The vote came during a marathon markup of the fiscal 2027 National Defense Authorization Act, one of the most contentious defence bills in years. The E-3 provision was one of scores of amendments adopted, but its implications for the Air Force’s fleet strategy are among the most significant.
Quick Facts
Aircraft: Boeing E-3 Sentry (AWACS)
Role: Airborne early warning, battle management, command and control
In service since: 1977
Remaining fleet: 15 operational (down from 16 after Saudi Arabia attack)
Replacement: Boeing E-7 Wedgetail
Congressional action: FY2027 NDAA amendment blocks all retirements through FY2027
Amendment sponsor: Rep. Rob Wittman (R-Va.)
Why Congress Won’t Let Go
The Air Force has spent years arguing that the E-3 is obsolete. Its radar technology dates to the 1970s. Its airframe — a modified Boeing 707 — is increasingly difficult and expensive to keep airworthy. Mission-capable rates have been declining for years, and senior leaders have repeatedly said the Sentry cannot survive in a modern threat environment.
All of that is true. But Congress keeps blocking retirements because the replacement is not ready.
The Air Force contracted with Boeing to build the E-7 Wedgetail, a 737-based airborne early warning aircraft in service with Australia — the UK’s first aircraft arrived at RAF Lossiemouth in May 2026 and is still in test ahead of service entry. But the E-7 programme has faced delays, and lawmakers want a binding schedule before they let the Air Force retire anything.
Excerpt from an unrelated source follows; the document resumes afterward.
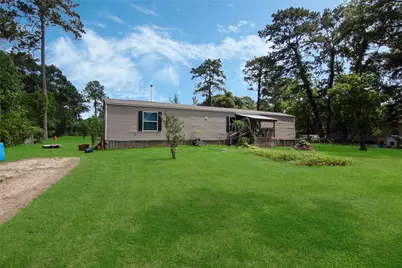 18093 Pickering Road, Conroe, TX 77302 - Photo 2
Wittman’s amendment requires the Air Force Secretary to produce a detailed procurement and fielding timeline for the E-7, including milestones for initial and full operational capability. It also demands certification that the transition will not degrade airborne early warning, battle management, or command and control capabilities that combatant commanders depend on.
The Boeing E-7 Wedgetail — in service with the Royal Australian Air Force, with the RAF’s first aircraft in test at Lossiemouth since May 2026 — is the planned replacement for the E-3 Sentry.
The Saudi Arabia Factor
One detail in the amendment reveals the real-world pressure behind the numbers. The minimum fleet size has been lowered from 16 to 15 aircraft — almost certainly because one E-3 was catastrophically damaged in the Iranian missile and drone strike on a Saudi air base in March 2026.
That attack, which also damaged other coalition assets, put a spotlight on just how thin the AWACS fleet has become. The Air Force recently deployed nearly 40% of its entire E-3 fleet to the Middle East for operations against Iran — a commitment that left other theatres exposed and underlined the risks of operating a fleet this small with no operational replacement in sight.
A Bigger Pattern
The E-3 freeze is part of a broader congressional revolt against Air Force retirement plans. The same markup session also voted to prohibit F-22 Raptor retirements through fiscal 2032. Lawmakers have consistently rejected the service’s attempts to divest legacy platforms before replacements reach operational maturity.
The Air Force is requesting about $1.5 billion for the E-7 programme in fiscal 2027, a sign of how seriously it wants to accelerate the transition. But until Boeing delivers Wedgetails in numbers and the new aircraft proves itself in the demanding airborne battle management role, Congress intends to keep every flyable Sentry in service — however painful and expensive that may be.